Malam itu, setelah memastikan bahwa seluruh kota sudah benar-benar terlelap, Koln keluar dari persembunyiannya. Sejenak dia berputar-putar sebentar di angkasa malam, dengan tetap memastikan bahwa dia berada di ketinggian yang aman. Koln belum sempat mengenali kota tersebut, dan dalam kegelapan malam itu, di ketinggian, tersembunyi di balik awan yang sesekali melintas menutupi angkasa, ia berusaha sebaik mungkin merekam seluk beluk kota tersebut. Dia masih mengharapkan keberuntungan untuk dapat menemukan Lira, tapi hal tersebut sama saja seperti mencari jarum dalam tumpukan jerami.
Setelah lewat tengah malam, Koln kembali menyelinap ke katredal. Kali ini ia tidak kembali ke menara tempatnya bersembunyi, tapi masuk ke dalam bangunan utama katredal, dengan kubah yang sangat besar dan langit-langit yang sangat tinggi. Katredal tersebut sangat besar, bagian dalamnya penuh dengan patung-patung dan ornamen-ornamen yang sangat indah. Di sepanjang dinding katredal tersebut terdapat ceruk-ceruk kecil berhias patung-patung. Koln terbang melintasi ruangan tersebut, dan menemukan sebuah tempat pas di balik sebuah patung besar di samping mimbar. Di belakang patung tersebut terdapat sebuah ceruk yang cukup besar untuk menyembunyikan diri, dan dari tempat tersebut dia dapat mengamati siapapun yang keluar masuk dari pintu utama maupun pintu samping.
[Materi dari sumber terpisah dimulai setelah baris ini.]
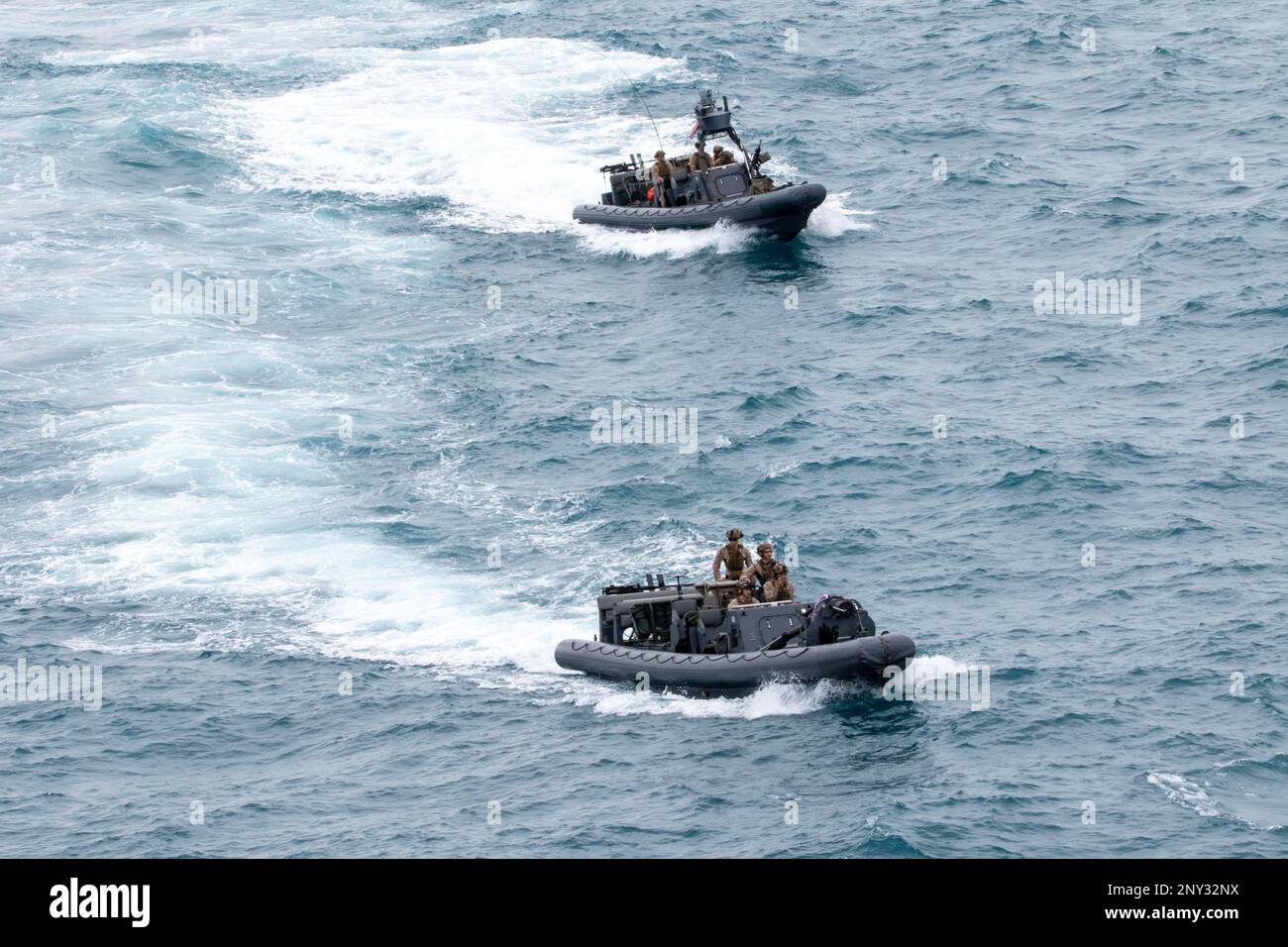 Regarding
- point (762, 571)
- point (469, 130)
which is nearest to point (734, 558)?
point (762, 571)

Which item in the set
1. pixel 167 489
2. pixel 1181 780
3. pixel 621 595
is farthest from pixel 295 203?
pixel 1181 780

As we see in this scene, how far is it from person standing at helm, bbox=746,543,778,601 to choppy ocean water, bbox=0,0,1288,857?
8.35ft

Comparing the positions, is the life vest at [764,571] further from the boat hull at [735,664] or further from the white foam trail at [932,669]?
the white foam trail at [932,669]

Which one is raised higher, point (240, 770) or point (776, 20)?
point (776, 20)

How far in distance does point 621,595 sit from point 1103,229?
29452 millimetres

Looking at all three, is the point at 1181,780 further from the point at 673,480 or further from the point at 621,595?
the point at 673,480

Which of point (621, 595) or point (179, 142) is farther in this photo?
point (179, 142)

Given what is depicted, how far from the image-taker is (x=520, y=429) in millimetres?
54781

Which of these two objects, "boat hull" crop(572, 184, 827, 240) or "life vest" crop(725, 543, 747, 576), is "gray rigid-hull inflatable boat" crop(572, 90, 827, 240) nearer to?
"boat hull" crop(572, 184, 827, 240)

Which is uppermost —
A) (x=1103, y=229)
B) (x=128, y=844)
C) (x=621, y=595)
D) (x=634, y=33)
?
(x=634, y=33)

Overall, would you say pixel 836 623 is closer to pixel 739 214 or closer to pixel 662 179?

Sungguh sangat cocok untuk bersembunyi sekaligus mengamati keadaan.
Koln tidak yakin di bagian mana dari katredal tersebut orang-orang tersebut akan menjalankan rencananya, tapi dia berasumsi bahwa tempat tersebut adalah yang paling memungkinkan, mengingat ruangan tersebut cukup besar dan banyak terdapat pintu-pintu yang menuju ke lorong-lorong yang menghubungkannya dengan ruangan-ruangan lainnya. Sekarang, Koln hanya tinggal berharap bahwa kali ini tebakannya benar.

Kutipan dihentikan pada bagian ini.